There isn’t much longer to wait for the return of the NHL regular season. All 31 teams in the league will be hoping to lift the Stanley Cup in around eight months time, but which of the seven teams in the Central Division have the best chance? Read on to find out.
The main challengers in the Central Division
As with most sports, betting on futures markets in the NHL has both positives and negatives. While it offers a greater reward in terms of the odds on offer, bettors also need to deal with potential impact of injuries and trades (as well as trying up funds that may be better utilised throughout the season).
Unsurprisingly, the Nashville Predators are one of the favourites to win the Stanley Cup this year (11.01*). The Predators are also the slight favourites to win the Central Division at 2.719* and have a regular season points total that currently sits at 104.5 (with the over priced at 1.80*).
Not only did the Predators claim top spot in the Central Division and the Western Conference last year, they also snagged the Presidents Trophy, accumulating 117 points in the standings. Nashville had the second best Goals For Percentage at 5-on-5 and outperformed their Expected Goals For Percentage by a whopping 6.33%.
Pekka Rinne claimed the Vezina Trophy as the top goaltender in 2017-18 and posted his best Save Percentage in almost a decade (not bad for a 35-year-old) but it will be tough to reach those same heights again.
Maybe Rinne has found the fountain of youth, but he will turn 36 in November and bettors should be wary that Rinne could regress. It would not be a shock to see his backup, Juuse Saros, carry more of the load in 2018-19 as he’s shown that he may be capable of doing so.
There is little doubt that that the Predators will be able to hang with the best that the NHL has to offer - they’re still home to the league's best top four on defence - but much like the race last year in the Atlantic Division between the Boston Bruins and Tampa Bay Lightning, the battle for top spot in the Central Division was also decided by a very small margin.

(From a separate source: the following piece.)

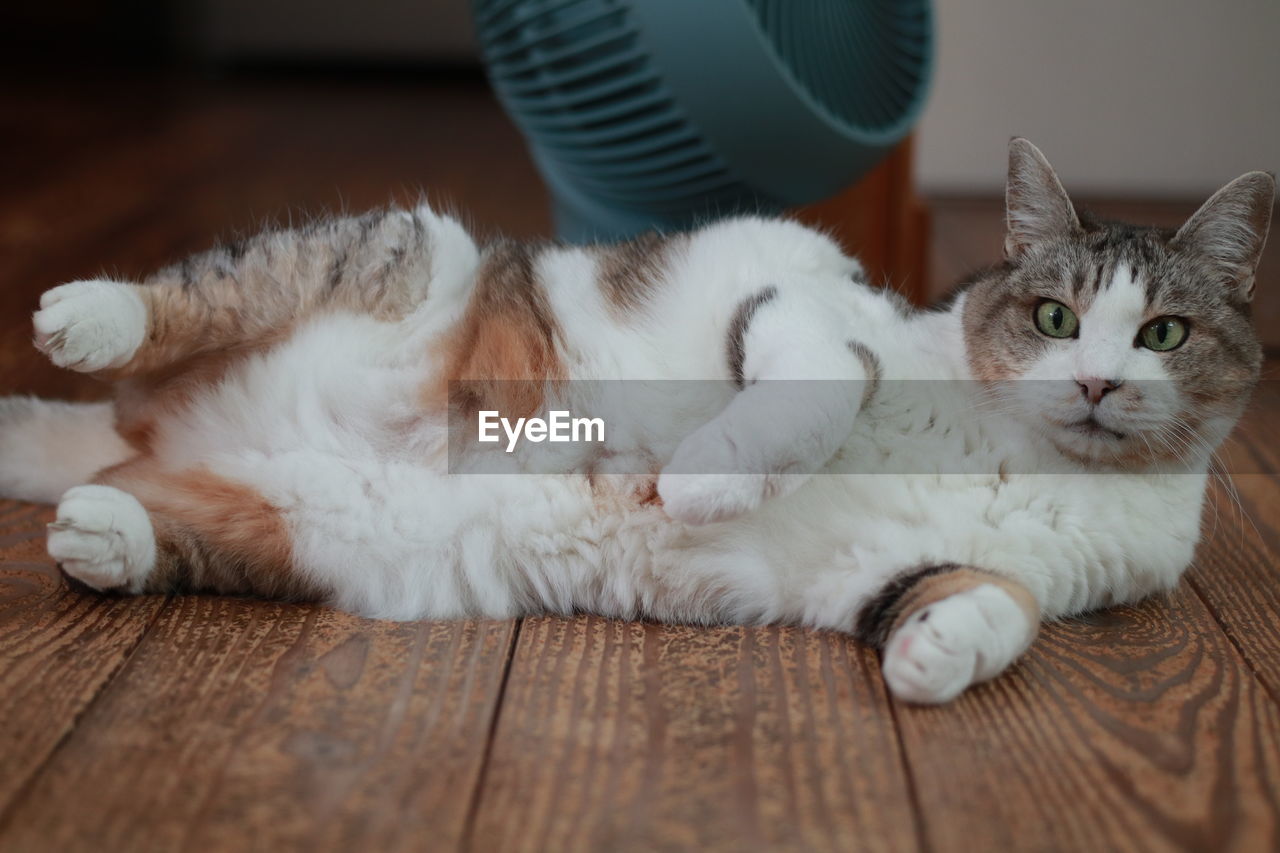 PORTRAIT OF A CAT LYING ON FLOOR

When comparing the Expected Goals For Percentage at 5-on-5 to the percentage of goals that the Winnipeg Jets actually scored, what they accomplished in 2017-18 seems to be somewhat sustainable. Blake Wheeler, Mark Scheifele and sniper Patrik Laine lead the team, but they also have depth throughout their lineup to complement those players.
Runners up in 2017-18, both in the Central Division and the Western Conference Final, the Winnipeg Jets are the team projected by many to be atop the Western Conference in 2018-19. The Jets owned 52.82% of the expected goal share and posted a 52.39% Corsi For Percentage in 2017-18.
The team also had one of the best power plays in the league, converting on 23.4% of their opportunities, which shouldn’t come as a surprise considering the talent that the team boasts up front.
There is little doubt that that the Predators will be able to hang with the best that the NHL has to offer
They were also above average on the penalty kill despite being one of the most penalized teams in the NHL. This was due in large part to their goaltending, leading the league in save percentage while shorthanded.
If their young netminder, Connor Hellebuyck, can carry over his performance from last season, the Jets are in line to be one of the most dangerous teams in the NHL once again.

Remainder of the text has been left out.